A musical alchemist weaving ancient Japanese, Celtic, and medieval threads into a hauntingly contemporary global soundscape.
Ayuo Takahashi is a citizen of lost sonic worlds. Born in Japan and based in New York, he moves not between genres, but between centuries and continents, treating the koto, bouzouki, and medieval harp as portals. His work is a deep, scholarly dialogue with tradition, but one that refuses museum-piece reverence. He dissects the strict forms of Gagaku or Persian classical music, then reassembles them with the intuition of a singer-songwriter, creating compositions that feel both ancient and urgently new. Whether performing solo or writing for string quartets, Takahashi builds bridges where others see chasms, crafting a personal mythology from a tapestry of global echoes.
1946–1964
The largest generation in history at the time. Shaped by postwar prosperity, the Vietnam War, the sexual revolution, and Watergate. They questioned every institution their parents built — then ran them.
Ayuo was born in 1960, placing them squarely in the Baby Boomers. The events that shaped this generation — postwar prosperity, civil rights, Vietnam, and the counterculture — shaped the world they entered and the choices available to them.
The biggest hits of 1960
#1 Movie
Swiss Family Robinson
Best Picture
The Apartment
#1 TV Show
Gunsmoke
The world at every milestone
Kennedy-Nixon debates become first televised presidential debates
US sends combat troops to Vietnam
US withdraws from Vietnam; Roe v.

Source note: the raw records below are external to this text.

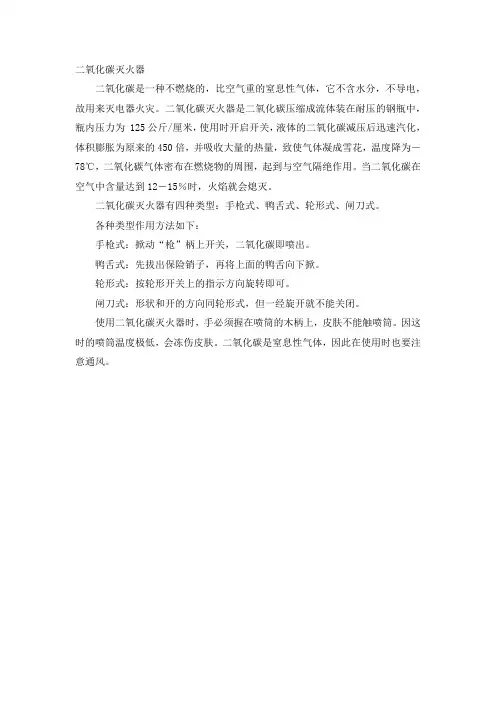 二氧化碳灭火器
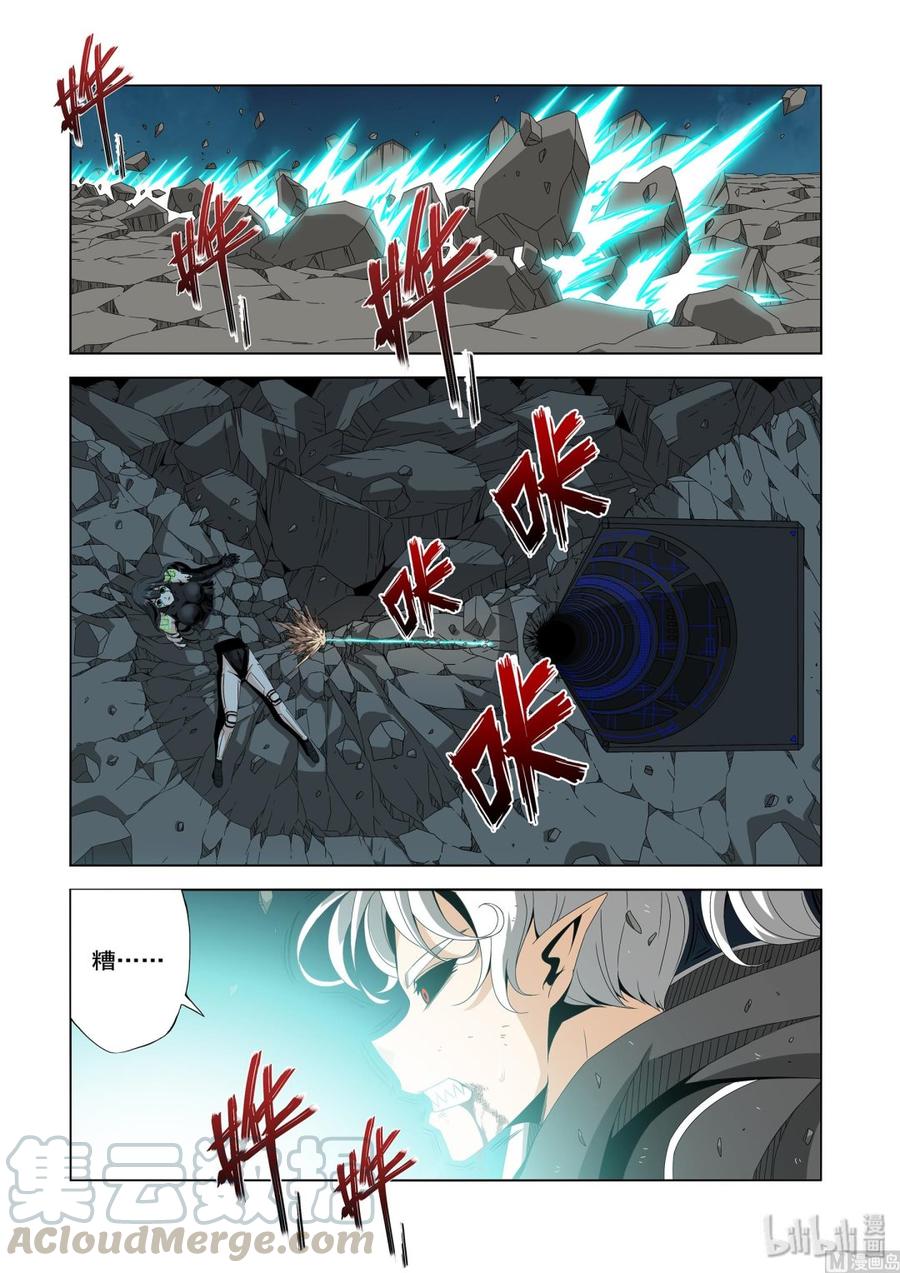 战国武校韩漫全集-205 生气了无删减无遮挡章节图片 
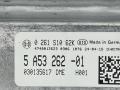 блок управления двигателем BMW M2 G87 2024, 3.0 л., S58B30A, бензин, brooklyn grau metallic (c4p), купе, задний привод, правый руль, 5A53262, 0261S1062K - фото №4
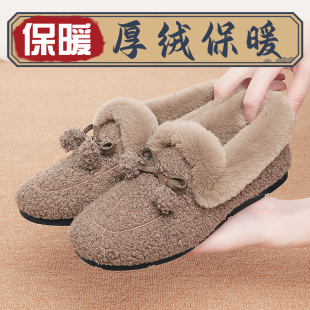 女冬季 秋冬豆豆鞋 加绒新款 妈妈老北京毛毛鞋 子 保暖一脚蹬布鞋 棉鞋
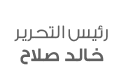 خالد صلاح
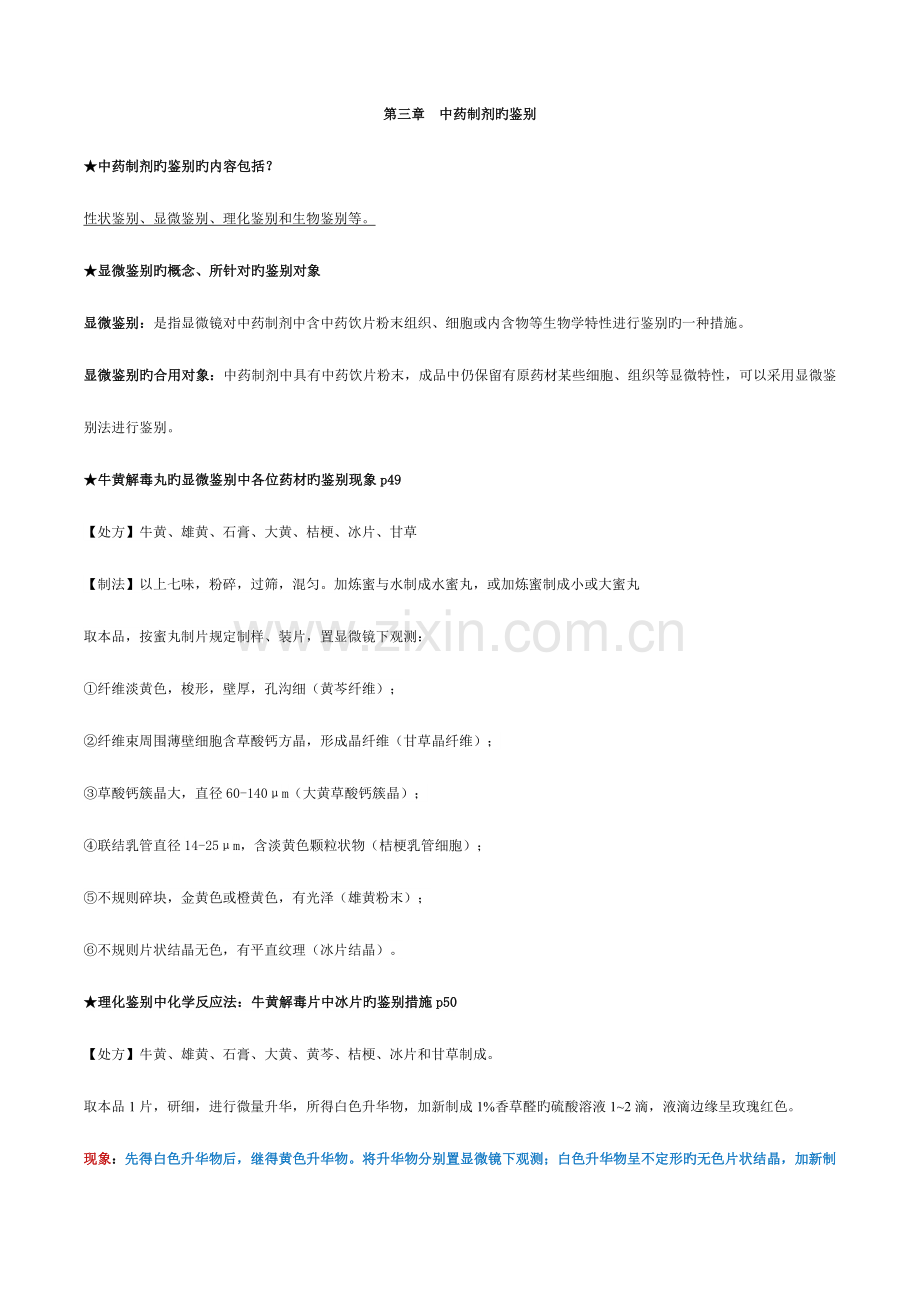 2023年中药制剂分析期末重点复习归纳.doc_第3页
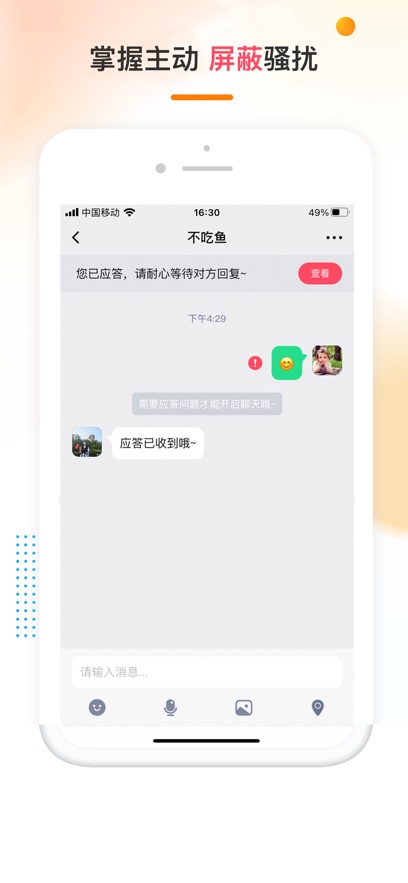 哒哒相亲正规免费软件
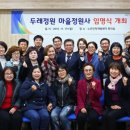 두레인력개발 - 동구 아양로 174-1 | 두레인력개발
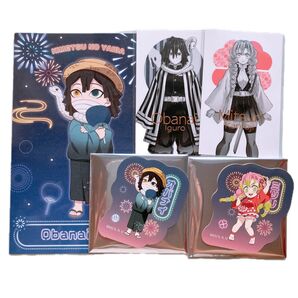 鬼滅の刃 伊黒小芭内 甘露寺蜜璃 まとめ売り 花火大会 柱展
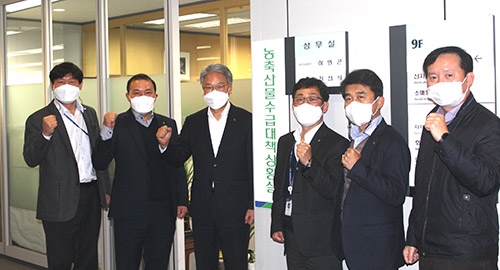 농협, 설 명절 물가안정 위한 수급대책 추진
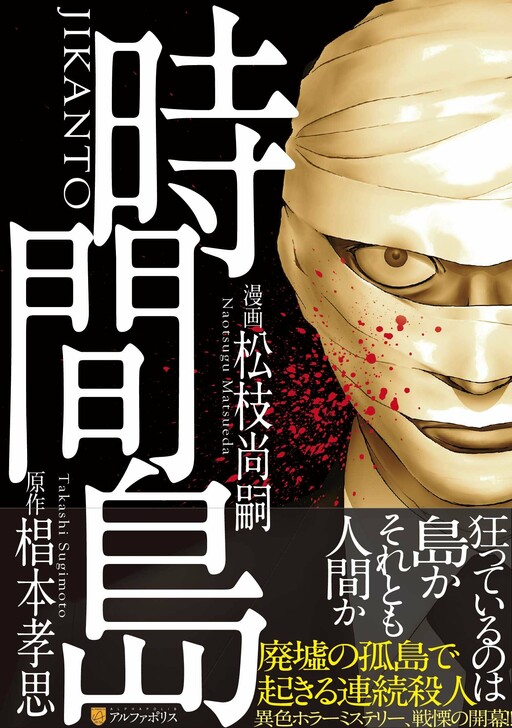 Cover of Time Island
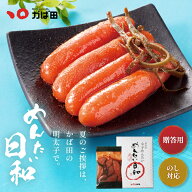 ＼ポイント10倍★／【送料・代引手数料かば田負担】明太子 かば田 無着色昆布漬辛子めんたい「めんたい日…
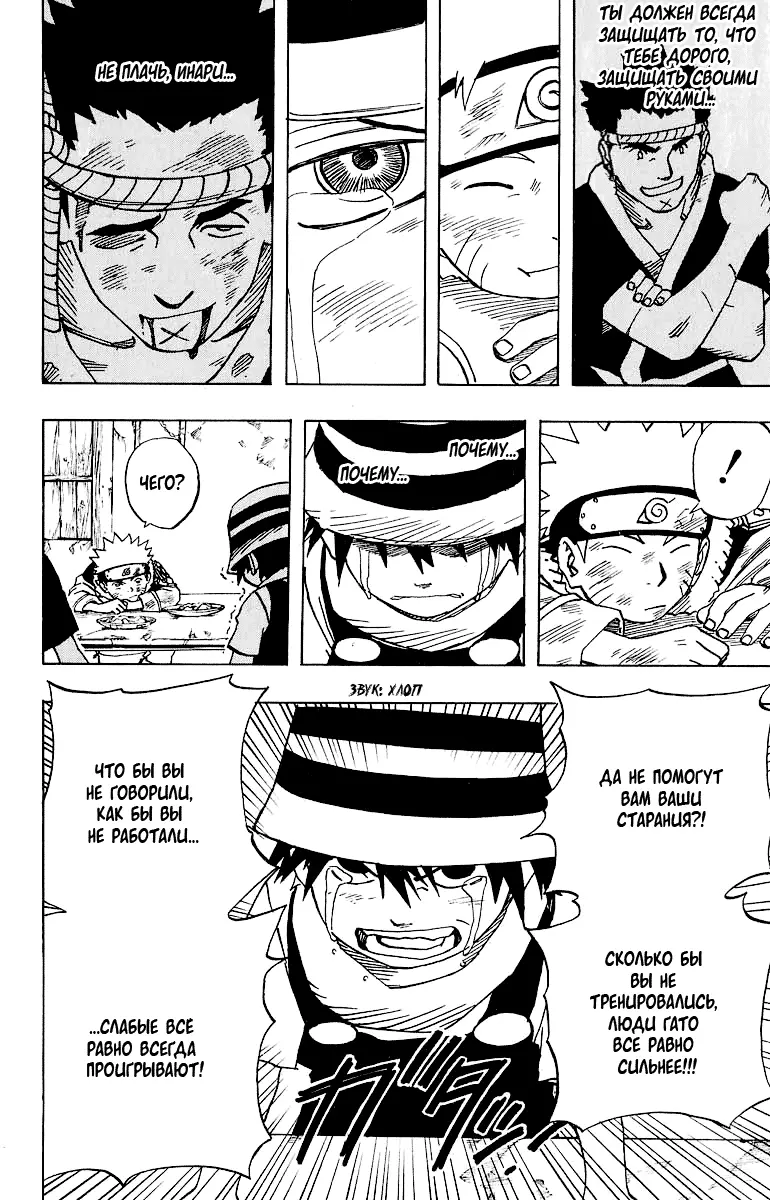 Read Наруто Manga Online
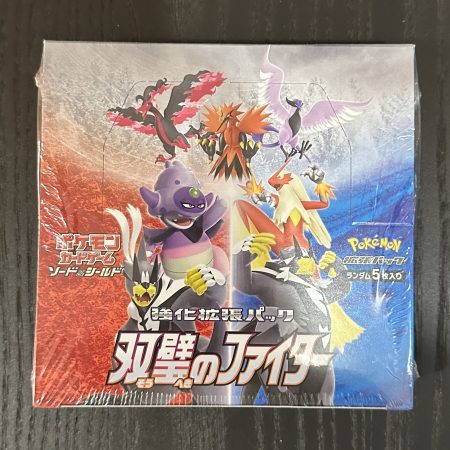 Matchless fighter booster box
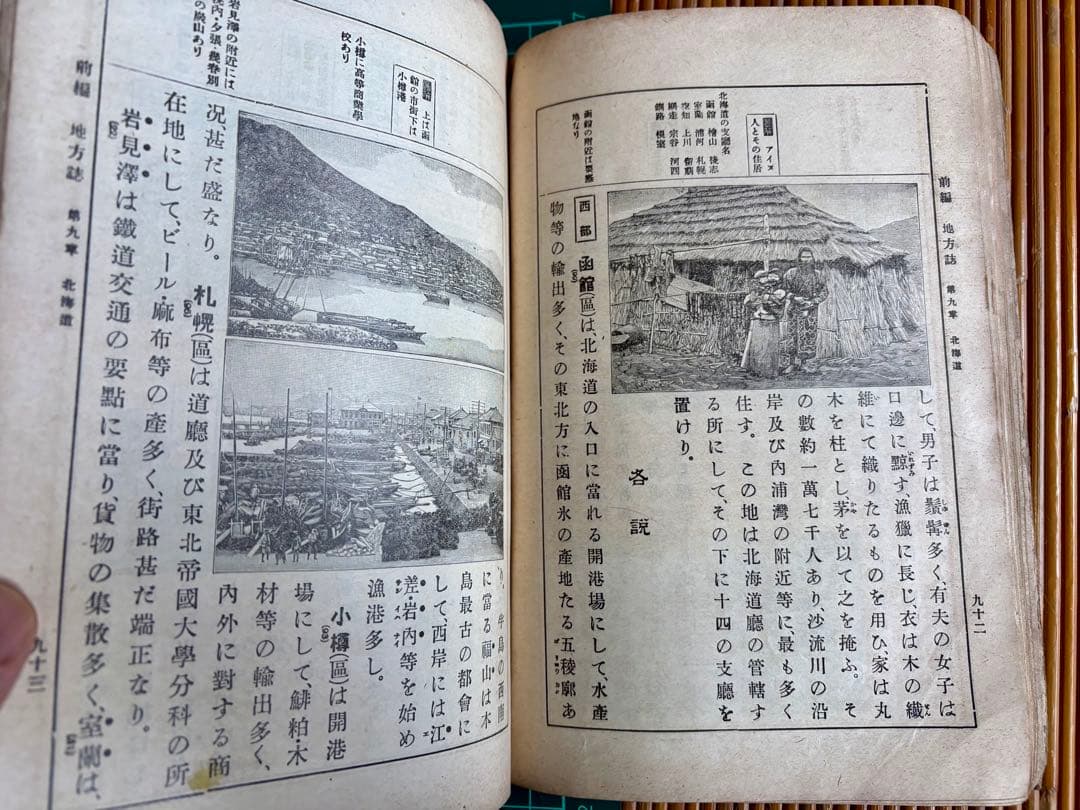 女子教科 最近日本地理 四訂版 全 大正5年修正9版発行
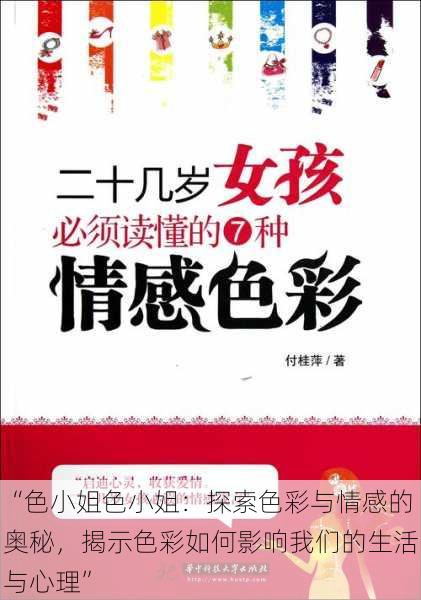 “色小姐色小姐：探索色彩与情感的奥秘，揭示色彩如何影响我们的生活与心理”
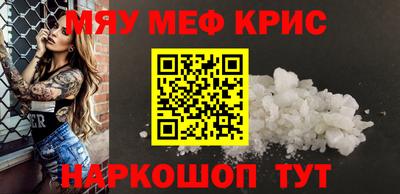 дурь Краснокаменск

Wade decided
Apple Computer founded; US bicentennial
First test-tube baby born
MTV launches; first Space Shuttle flight; AIDS identified
Hubble Space Telescope launched; Germany reunifies
Y2K passes without incident; contested Bush-Gore election
Deepwater Horizon oil spill; iPad launched
COVID-19 pandemic shuts down the world
He is the grandson of Japanese composer Yoritsune Matsudaira.
He lived and studied music in Greece for several years, mastering the bouzouki.
He often writes and sings lyrics in multiple languages, including English and Japanese.
His early musical training was in Western classical piano.
“I am not blending traditions; I am having a conversation with ghosts.”